For example, the only known extant copy of the Longitudinal study of immigrants, 1976 wave (see II.1.1 above), is available from National Archives Canada. However, although the file is physically readable, it is in a software-dependant format readable only by 15+ year old version of SPSS, and therefore not usable today. It is effectively lost. Software-dependant formats have a very short shelf life (< 5 years).
The Canadian illness survey, 1950 was stored on 7-track tapes, the state-of-the-art storage medium at the time. These tapes have not been stored under appropriate physical conditions, and are in all likelihood no longer readable, that is, if one can locate a tape drive capable of reading 7-track tapes. The physical media on which computer-readable data are stored have a relatively short shelf-life (about 5-10 years).
For some of the early Canadian Gallup polls, the data themselves have survived, but no questionnaire (metadata) has survived. Without a column by column guide to the variables in the data file and how each variable is coded, the data are undecipherable. Thus, in conjunction with the short shelf-life of physical storage media, and the shorter shelf-life of software-dependant formats, the window of opportunity within which research data can be archived is quite small.
When data are lost, so is a part of the historical, social, geographical, and cultural context of Canada at that point in time. This context may well be extremely valuable at some point in the future, to the understanding of the development of this country, and to the planning of future strategies and policy.
Data preservation activities in Canada are hampered by a lack of resources, both of personnel and hardware and software, as well as the lack of rigorous application of standards and quality control to the processes needed to ensure long-term preservation.
II.1.3. The National Archives of Canada
The National Archives of Canada Act mandates the National Archives (NAC) to preserve and facilitate access to 'private and public records', including those in computer-readable form.
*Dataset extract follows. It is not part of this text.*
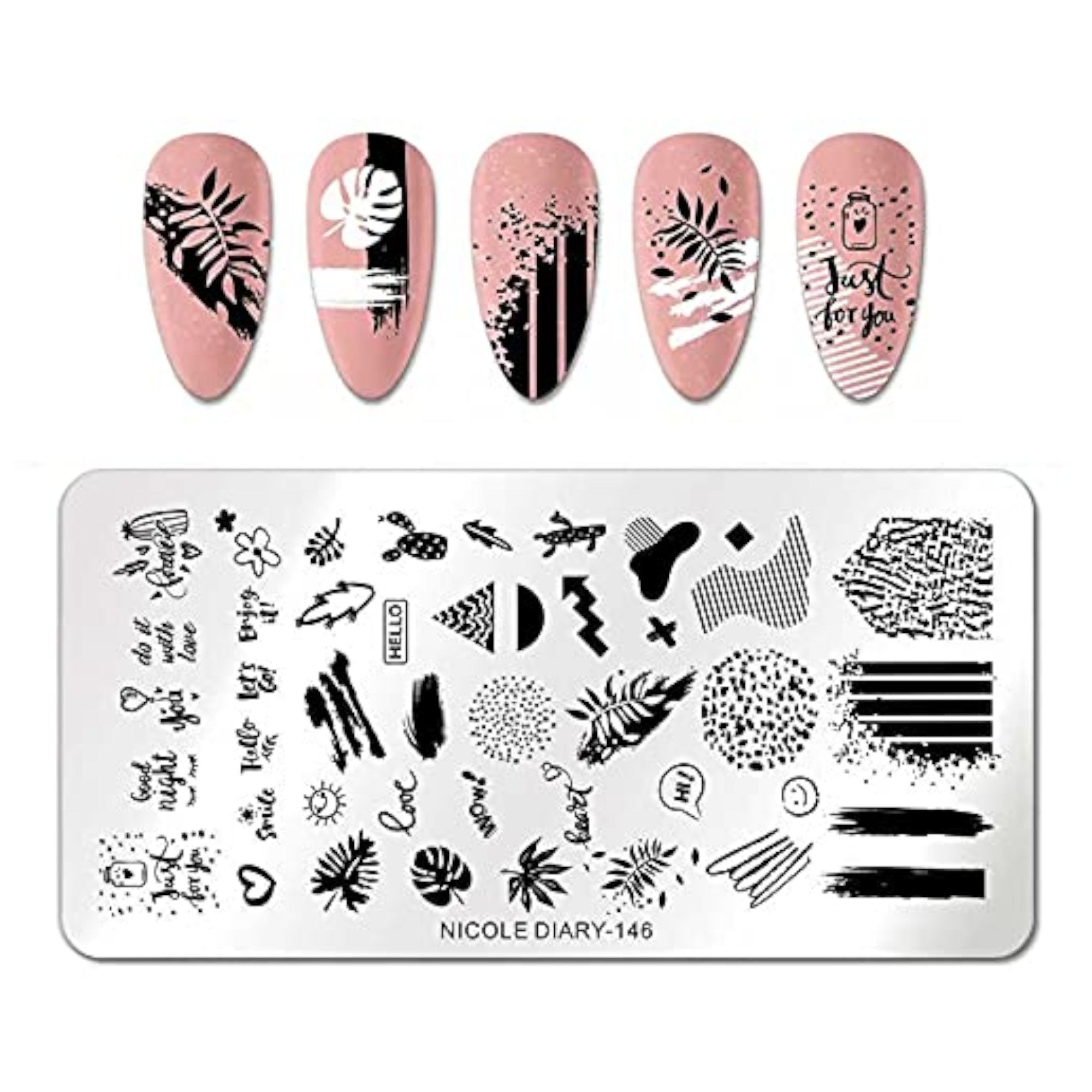 Plaque de Stamping pour Ongles Thème : Motif OCIBEL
Although this mandate would seem broad enough to allow for the NAC to function as a national data archive, the NAC's scheduling criteria, and lack of resources and expertise in this area have the effect of excluding research data from their collections.
'Records' are construed by NAC to be unpublished, or not for sale. 'Records' that are available for sale are considered to be published, and therefore deemed to fall outside the mandate of the NAC. Due to the cost-recovery policies of government agencies (both provincial and federal), most research data products are available for a price, and therefore deemed not to fall in the purview of the NAC but in that of the National Library of Canada.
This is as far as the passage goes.